I also looked at Conan exiles, which released a really large “expansion” patch that was in an alpha state, and there really wasn’t that much kickback in the reviews, even though there was a lot of anger at the time.

I was also expecting a greater swing in Ark due to them releasing a paid expansion before the game was out of early access, or State of Decacy for selling a patch.

Working as intended. The minute you provide any power whatsoever to developers to remove reviews they do not like it will be abused 100-fold more than any scare tactic about 4chan or Reddit users. There are so many cases of shitty developers filing DMCA takedowns and mass deleting threads on Steam forums that it is not possible to count them all. Giving them power over reviews is tantamount to letting the fox in the henhouse. There is no doubt that power would be massively abused and abused frequently. You do not fix a problem with little chance of occurring by creating a much larger problem that you know will happen.

Then there is the simple fact that a developer should not have the right to censor my opinion whether they like it or not. Every single business out there faces the danger of having protests, reviews and the like used against them. The same exact excuse has been made against Yelp. It does not work there and it does not work here. Developers do not need a professional safe space in which they are immune to criticism or the potential ramifications of making poor decisions.

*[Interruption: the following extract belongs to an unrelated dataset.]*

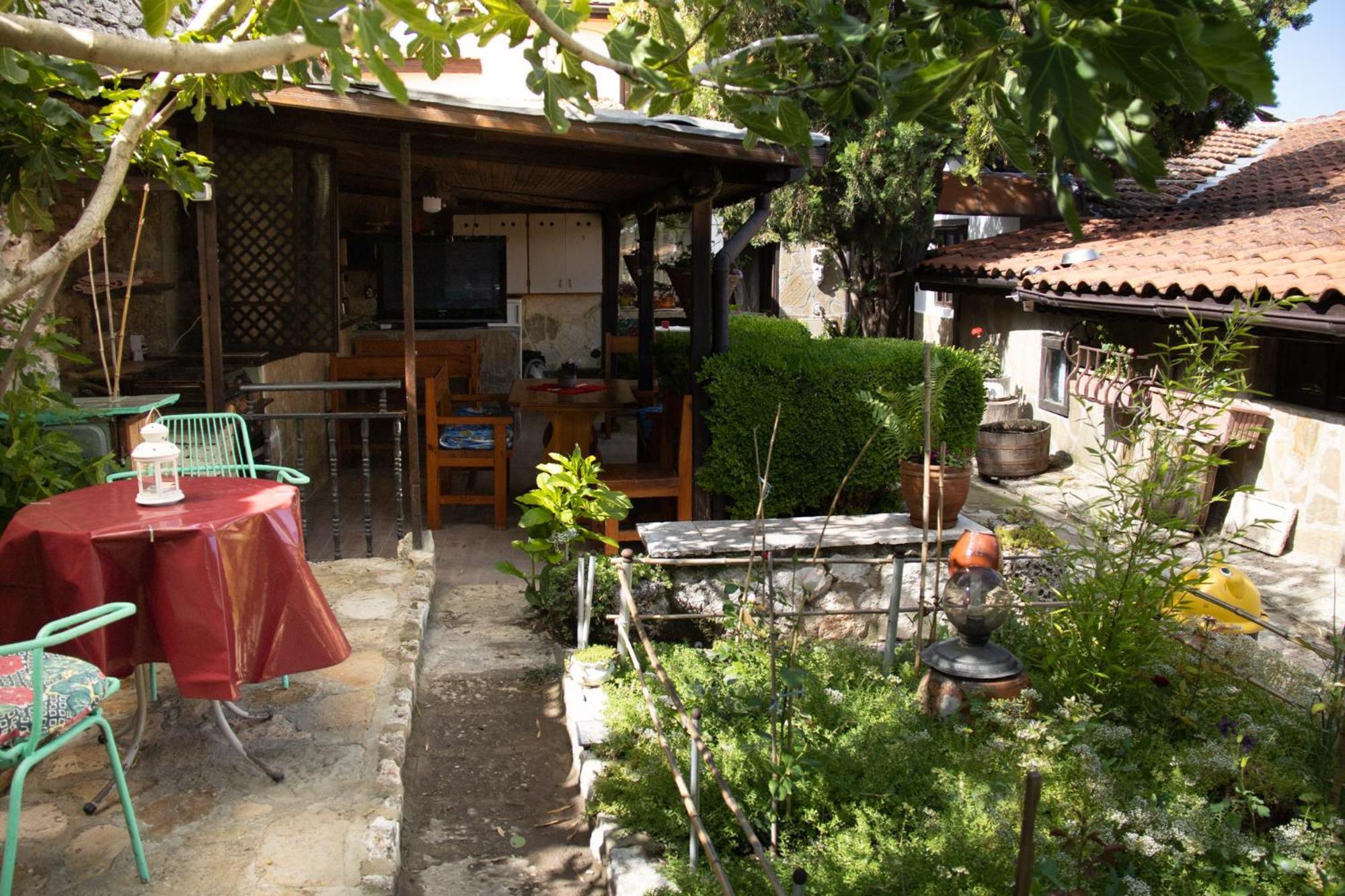 Старата Баkалия The Old Grocery, Guest Rooms Baltsjik Eksteriør bilde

If they truly feel that way they are free to sell their product on their own website and thus manipulate the reviews until their little hearts are content.

There is little to no real danger about 4chan or Reddit trying to purposely tank a review score for no reason. This requires a secret, coordinated effort to get dozens or hundreds of people to buy a game, tank the reviews and then refund the game without anyone noticing. I have heard flat Earth theories that sounded more plausible than that. Let us play this whole thing out. If the effort were kept secret then it is going to be impossible to figure out. It is just going to look like another shitty game. If the effort leaks and given the loudmouths on 4chan it most certainly would, the gaming press would be all over it. The resulting free publicity for the game by guys like Jim Sterling, Total Biscuit and SidAlpha would result in a large increase in sales. The resulting effort to sabotage a product would end up having the exact opposite effect.

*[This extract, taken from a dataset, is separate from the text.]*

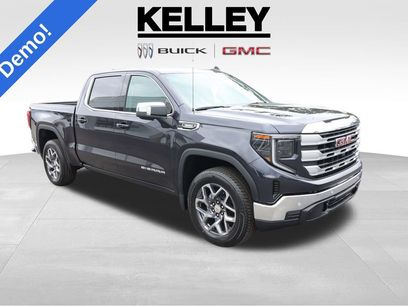 New 2025 GMC Sierra 1500 SLE w/ Preferred Package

Wait a minute. What happened to not counting reviews unless an account has a verified copy?

If you paid money for the game, I guess you have a right to leave whatever review you want. And then it follows that I have a right to ignore and vote down your review if it mentions some silly out-of-game bullshit. And so it goes…

If you couldn’t review games and then refund them, the worst games would have positive ratings.

Those who hate review bombing, serious question time: how would you feel if a dev was a neo-nazi and was using revenue from the inoffensive unrelated game to fund the local hate group. Wouldn’t you appreciate some prominent steam user reviewers that tell you about this (even when it’s not about the game itself)?

Well, what if a bomb was going to be triggered if the review went down to mixed? How would you feel then?